Tweede-orde-effecten

Afgezien van deze kwetsbaarheden speelt ook de invloed van de oorlog op de handel met derde landen, dus landen buiten de EU. Dit worden ook wel ‘tweede-orde-effecten’ genoemd. Meer specifiek kan een belemmerde handel tussen derde landen enerzijds en de bij de oorlog betrokken landen anderzijds ook leiden tot minder aanvoer van producten naar de EU vanuit die derde landen. Oekraïne voorziet bijvoorbeeld veel chip producerende landen van het daarvoor benodigde neon gas. Als dat gas deze landen niet meer bereikt, komt de chipproductie in die landen mogelijk in het geding en daarmee ook de levering van chips aan Europa. Kwetsbare productgroepen voor tweede-orde-effecten zijn motorfietsen, elektronische circuits (chips), batterijen en elektronica en elektrische machines. Ook hiervan worden de levertijden vermoedelijk langer en de prijzen hoger. Gestegen kosten en langere levertijden van chips en batterijen kunnen op hun beurt een belemmering vormen voor de Europese productie van transportmiddelen, machines, elektronische producten en elektrische apparatuur.

Sectoren vergeleken

De economische gevolgen van de oorlog in Oekraïne worden door de gehele EU gevoeld. Overal zien we grilligere grondstoffenmarkten, langere levertijden en hogere prijzen. Veel sectoren zullen de impact hiervan ondervinden, zij het in verschillende mate. Zo wordt de industrie naar verwachting harder getroffen dan de dienstensector. Maar ook binnen de industrie zijn er grote verschillen. Basismetalen en metaalproducten krijgen een forse dreun, terwijl textiel relatief ongeschonden blijft. Andere vrij kwetsbare sectoren zijn de bouw en de chemie, en de sub-sectoren die goederen produceren als geraffineerde aardolieproducten, hout en papier, machines en (elektrische) apparatuur, transportmiddelen en elektronische producten. Terwijl stijgende energieprijzen op sommige deelsectoren een grotere impact hebben, ondervinden andere juist meer last van tekorten en hogere prijzen van niet-energetische grondstoffen.
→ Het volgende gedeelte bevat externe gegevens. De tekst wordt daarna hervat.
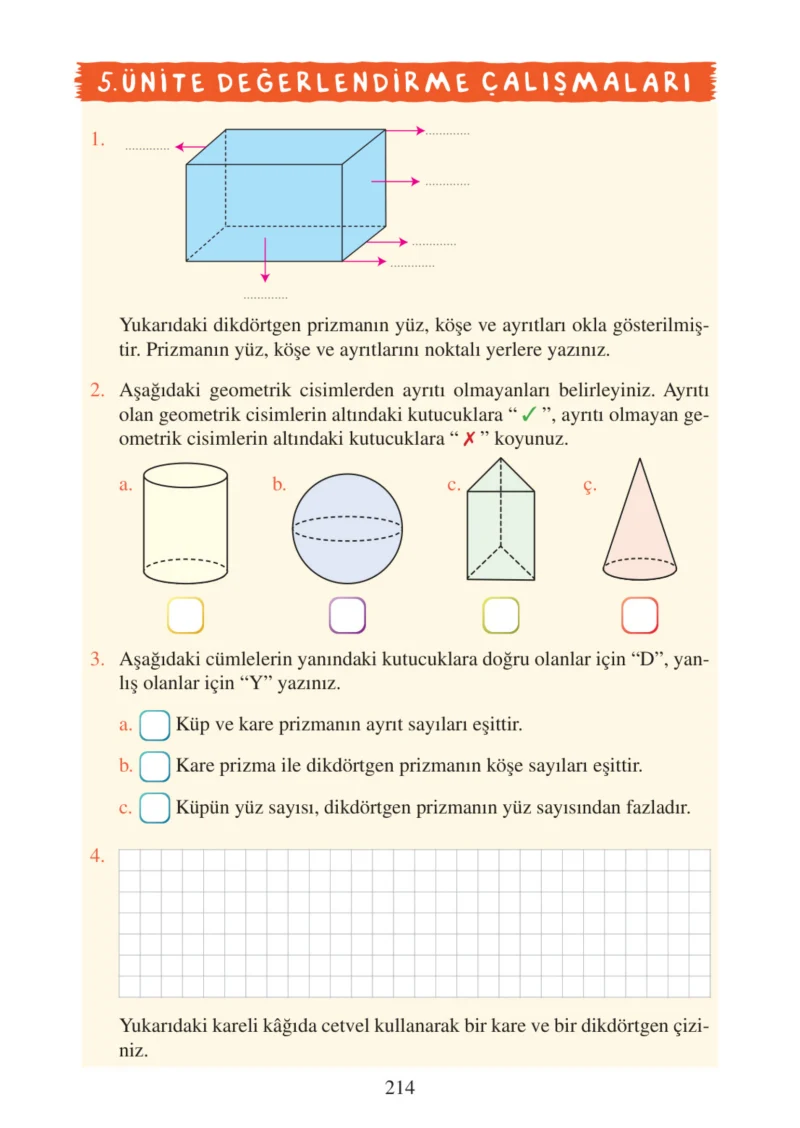 3. Sınıf Matematik Ders Kitabı Cevapları Tuna Matbacılık Yayınları Sayfa 214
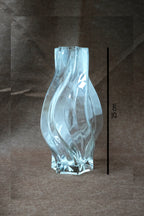 WaveRipple Sculpted Clear Glass Vase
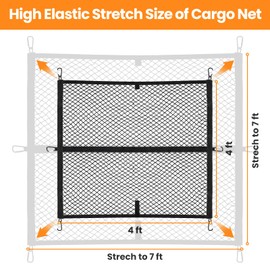 Truck Bed Net, Highly Elastic Cargo Net for Pickup Truck Bed, Stretchable Mesh Organizer for Pickup Trunk Bed, Suitable for Daily Light Loads of Trucks, 4'x4’ Stretches to 7‘x 7’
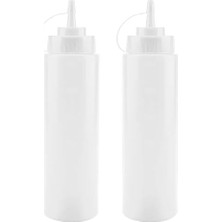 Mi-Ça Home Promosyonca Şeffaf Plastik Sos Şişesi, Ketçap Mayonez Sosu Için Sıkma Şişesi (2)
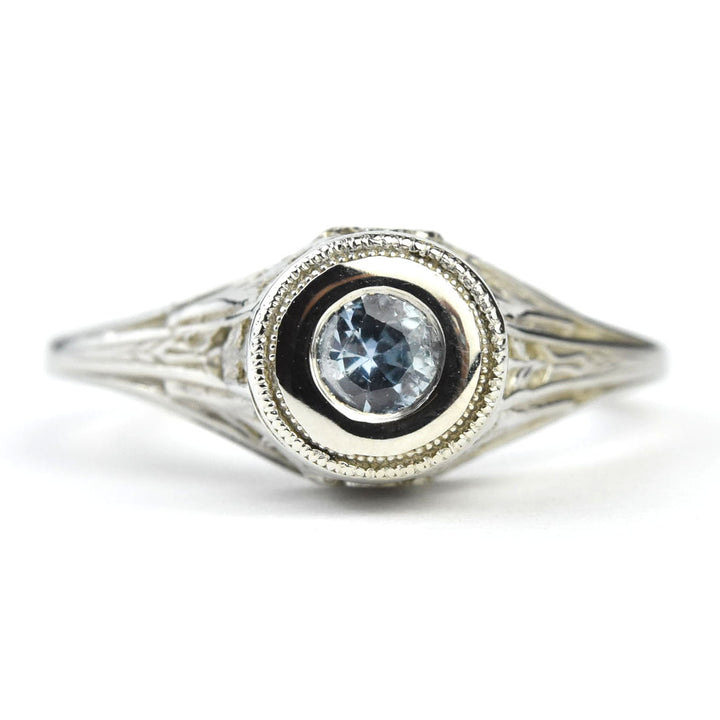 Petite Montana Sapphire Vintage Filigree Engagement Ring - Goldmakers Fine Jewelry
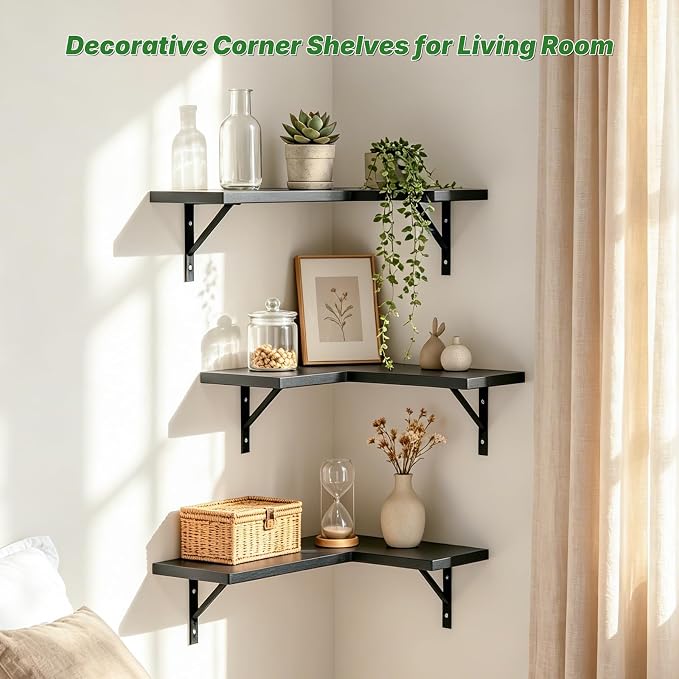 NATURE'S SOURCE Corner Floating Shelves, Corner Shelf Wall Mounted, Shelves - Image 5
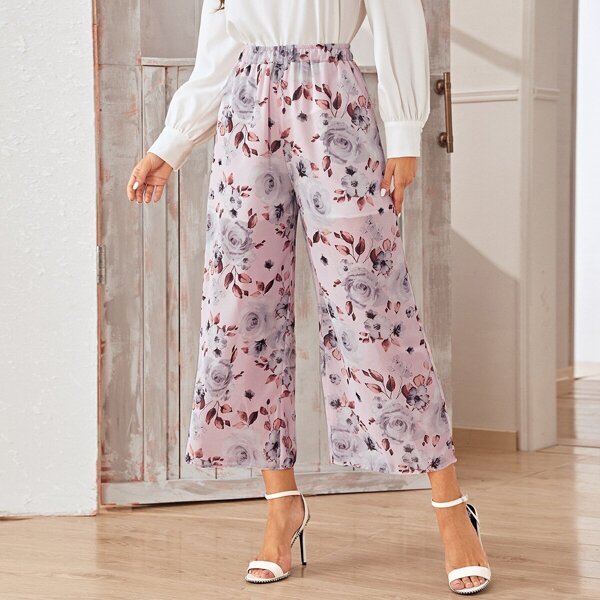 

Floral Print Wide Leg Chiffon Pants, Multicolor
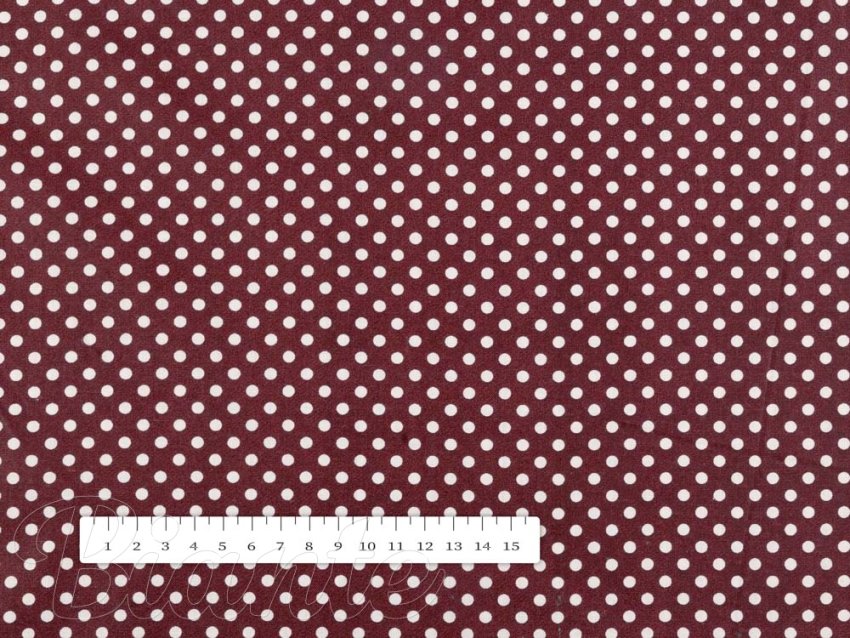 Bavlněná látka/plátno Sandra SA-339 Bílé puntíky na tmavě červeném - šířka 140 cm - detail 3 - Biante.cz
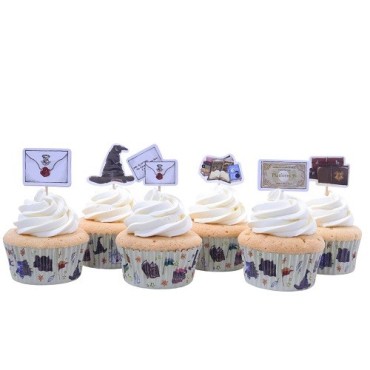 PME Harry Potter Cupcake Kit – 24 Toppers & Cases, Hogwarts Theme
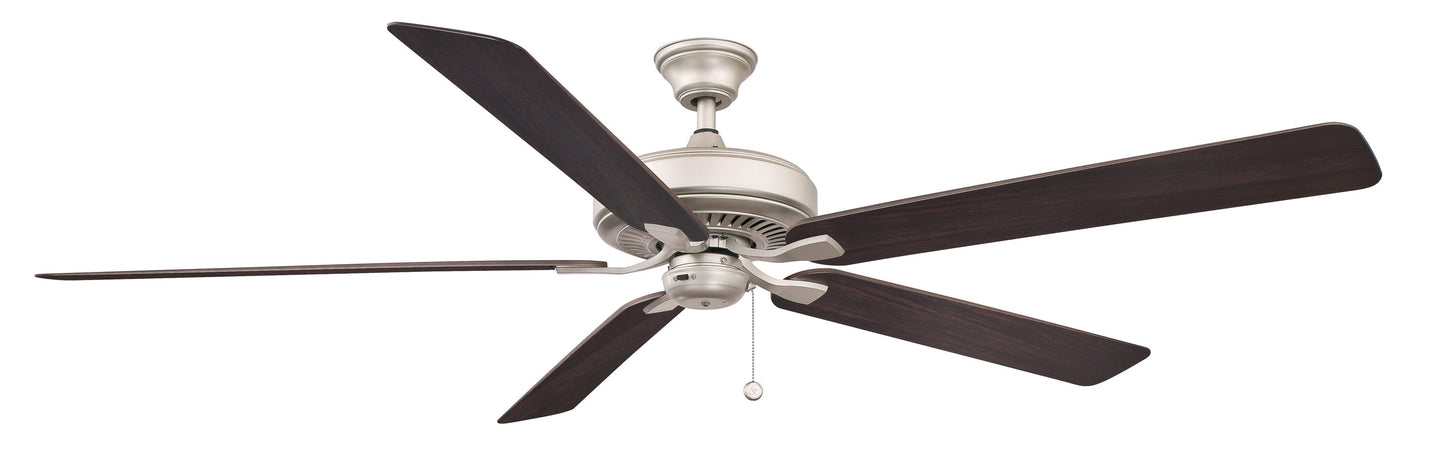 Fanimation Edgewood72 72-in Outdoor Brushed Nickel with Dark Walnut Blades Ceiling Fan Light Kit Compatible - Remote Included ( 5 -Blade )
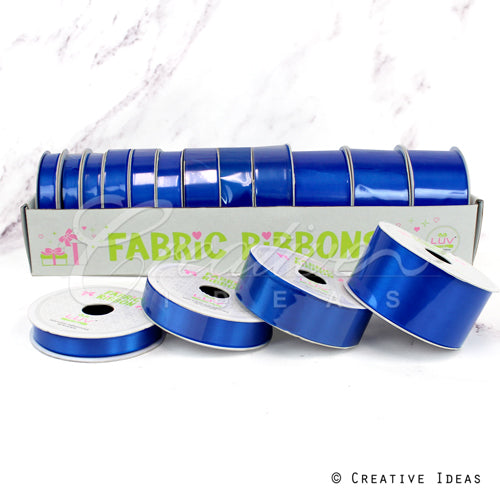 12 Rolls Satin Ribbons Multiple Size & Put-Up (Vibrant Blue)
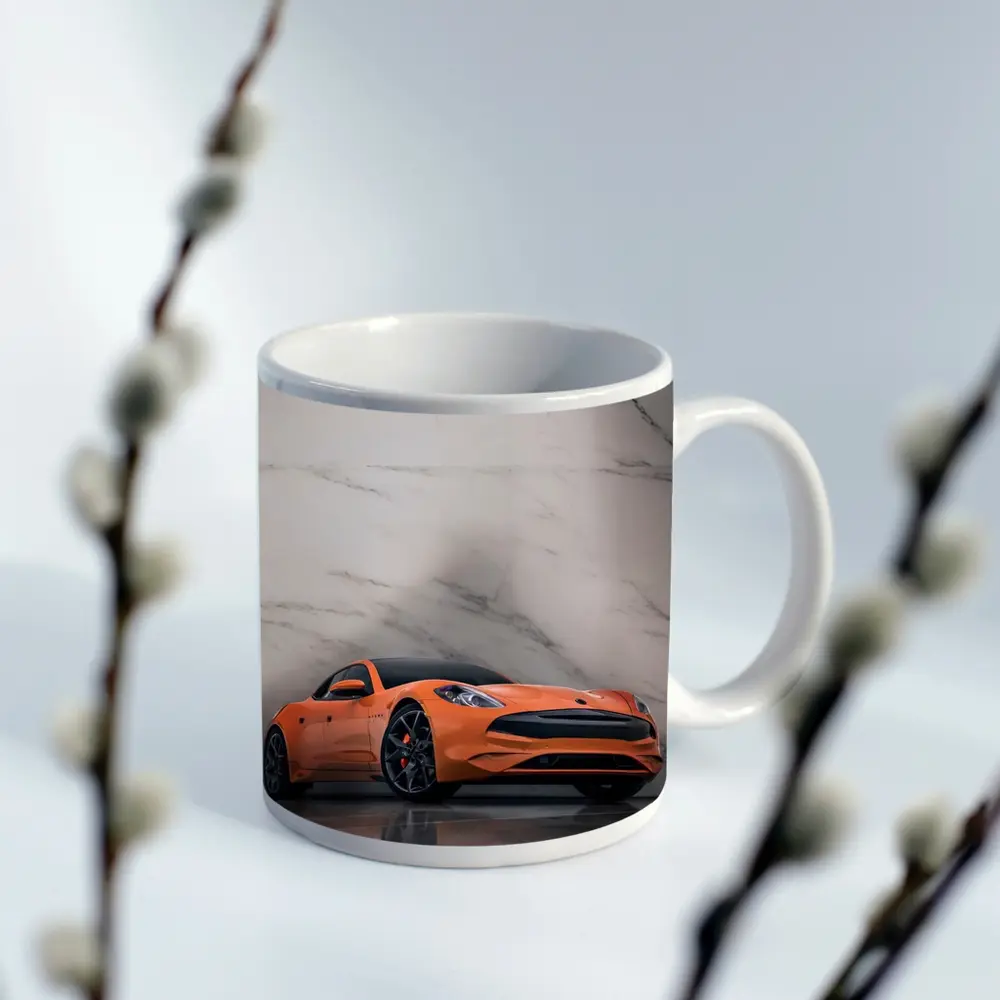 Karma GS6 Orange Sports Car Marble Background – Mugs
Duitse economie meest kwetsbaar

De internationale verwevenheid van de toeleveringsketens maakt het lastig om de precieze economische impact van de oorlog op de verschillende lidstaten in te schatten. In ons onderzoek hebben we daarom gekeken naar de relatieve kwetsbaarheden van de vijf grootste EU-lidstaten op basis van zowel de directe handelsstromen tussen de lidstaten en de bij de oorlog betrokken landen als van de sectorale samenstelling van een land. Volgens onze analyse loopt de Duitse economie het meeste risico op tegenwind als gevolg van de oorlog. Dit vanwege de samenstelling en omvang van de Duitse industriële sector en de afhankelijkheid van Russische brandstoffen. Daarna volgt Italië, waarvan de industriële samenstelling iets gunstiger lijkt dan die van Duitsland. Maar de Italiaanse industrie is ook in hoge mate afhankelijk van Oekraïne en Rusland voor bepaalde ijzer- en staalproducten en energie. Bovendien is Italië een grote gasverbruiker en krijgt het dus relatief zware klappen door de stijging van de energieprijzen.